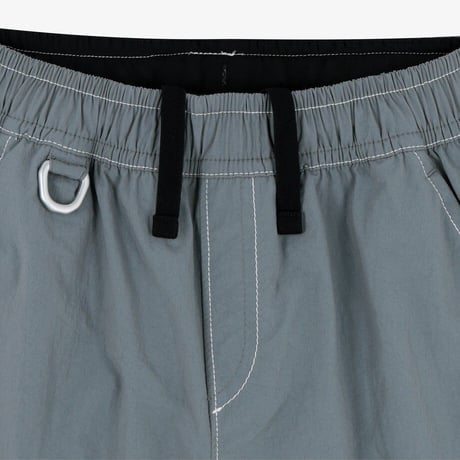 K'S UPHOLD SHORTS COOL GRAY NS6NS02T
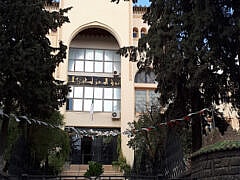 Dr Chalal mustapha-Radiologue Dr Chalal mustapha-Radiologue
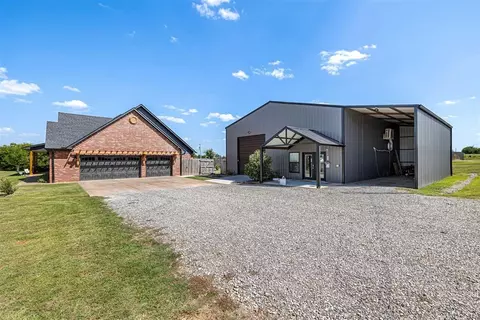 315 N Mustang Rd, Tuttle, OK 73089 photo 31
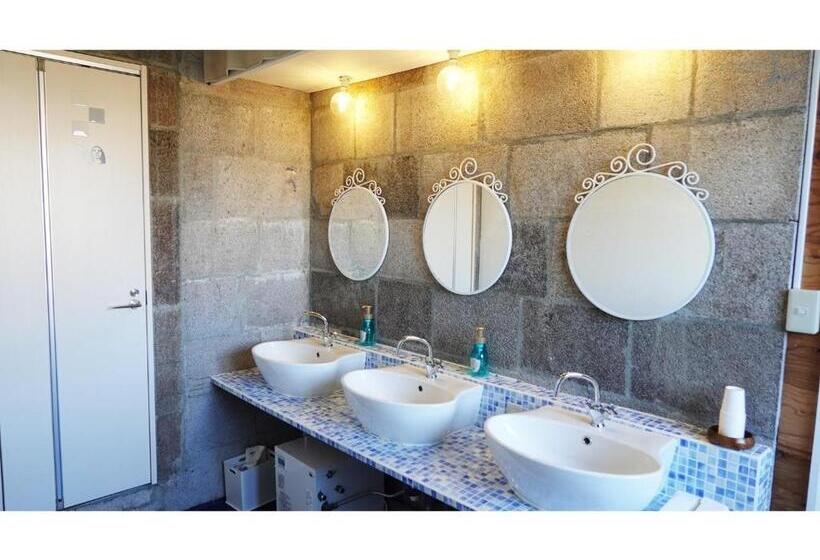 Студия Стандарт, Hostel Nabla   Vacation Stay 07137v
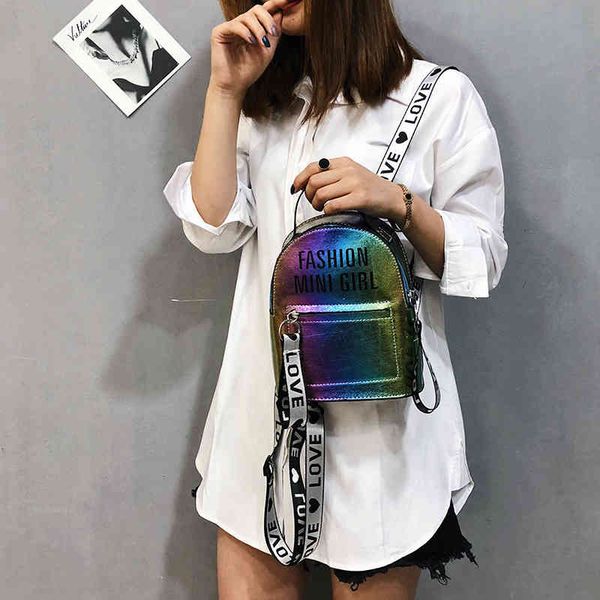 bags handbags mini backpack 2021 korean fashion printed letters simple ins net red travel, Black;red
bags handbags mini backpack 2021 korean fashion printed letters simple ins net red travel, Black;red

........

Type out the data above once more, exactly, with no images included.

 K'S UPHOLD SHORTS COOL GRAY NS6NS02T
 Dr Chalal mustapha-Radiologue Dr Chalal mustapha-Radiologue
 315 N Mustang Rd, Tuttle, OK 73089 photo 31
 Студия Стандарт, Hostel Nabla   Vacation Stay 07137v
 bags handbags mini backpack 2021 korean fashion printed letters simple ins net red travel, Black;red
bags handbags mini backpack 2021 korean fashion printed letters simple ins net red travel, Black;red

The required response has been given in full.